We now have a single page to reference our thought leadership, partnerships, and services for securing AI. Please help us get the word out!

Smaller, Better, Faster, Cheaper

OpenAI announced GPT-4o mini Thursday, which is cheaper, faster, and performs better than many other similar-priced models. The initial release shared a high performance of 82% on the MMLU benchmark which has become a standard in marketing how good a given Generative AI model is at academic tasks. As a measure for comparing models, it places GPT-4o mini in the same category as Mistral and Llama smaller open source models. The cost to run it is significantly lower than its competitors.

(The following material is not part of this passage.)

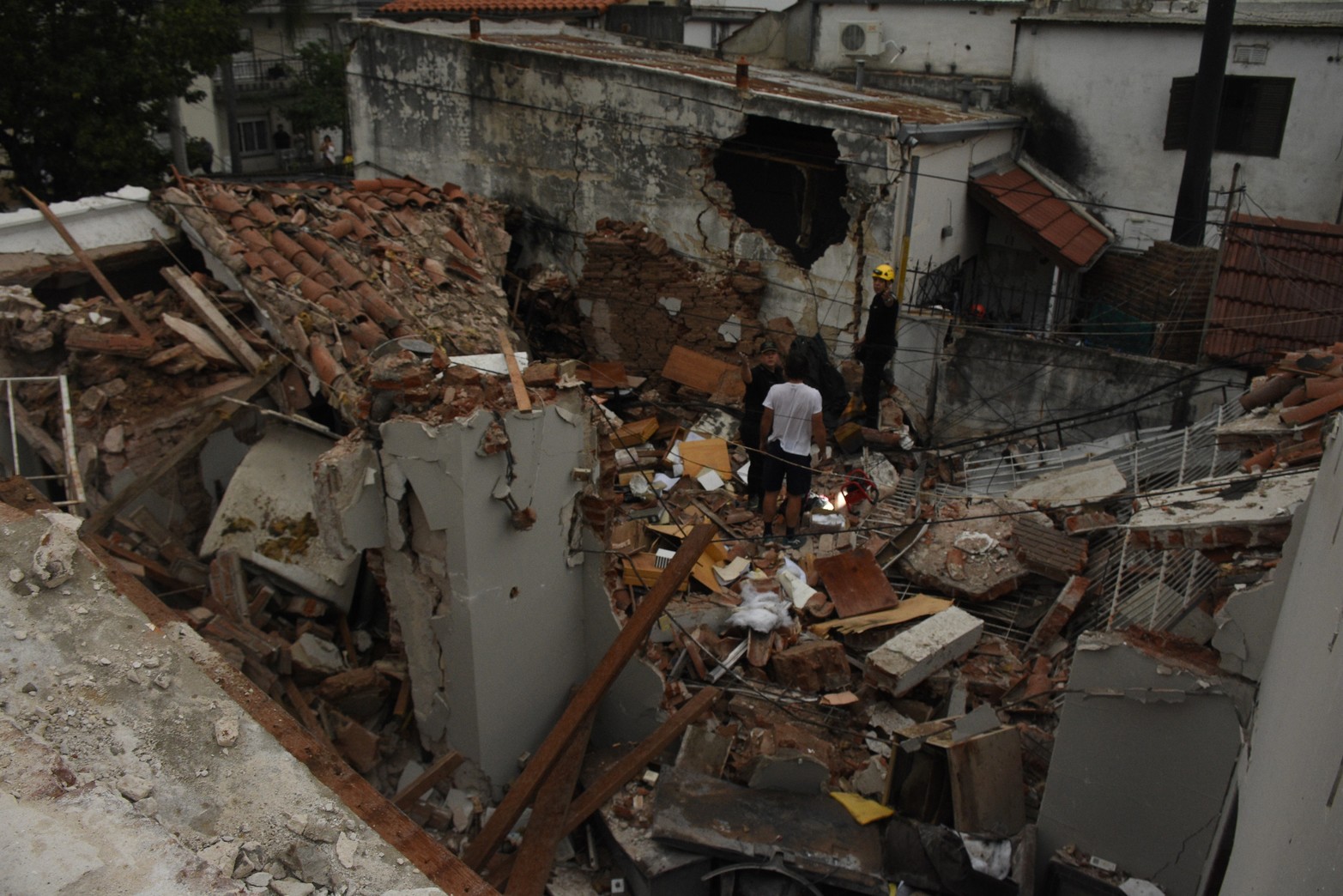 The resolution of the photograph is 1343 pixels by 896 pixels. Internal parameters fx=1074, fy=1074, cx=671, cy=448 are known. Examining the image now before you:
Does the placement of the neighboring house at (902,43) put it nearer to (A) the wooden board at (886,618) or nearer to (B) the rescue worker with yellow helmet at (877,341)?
(B) the rescue worker with yellow helmet at (877,341)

OpenAI did not confirm the actual size of the model, but based on its performance speed and cost, it is most likely significantly smaller than GPT-4o and other models. The trend towards smaller and more cost-effective models is important for security as well. When ChatGPT first came out and organizations were considering if and how to use it, models were too big to realistically manage and secure centrally without specialized teams. Azure, AWS, and GCP have made this significantly easier with their cloud platforms and the availability of dedicated models. But the other driver of size and cost decrease has been open source model providers like Meta and Mistral. As smaller, open source models became more wide-spread, this has opened the flood gates for organizations to download and run models full on-prem. This mitigates many of the data leakage concerns that CISOs have.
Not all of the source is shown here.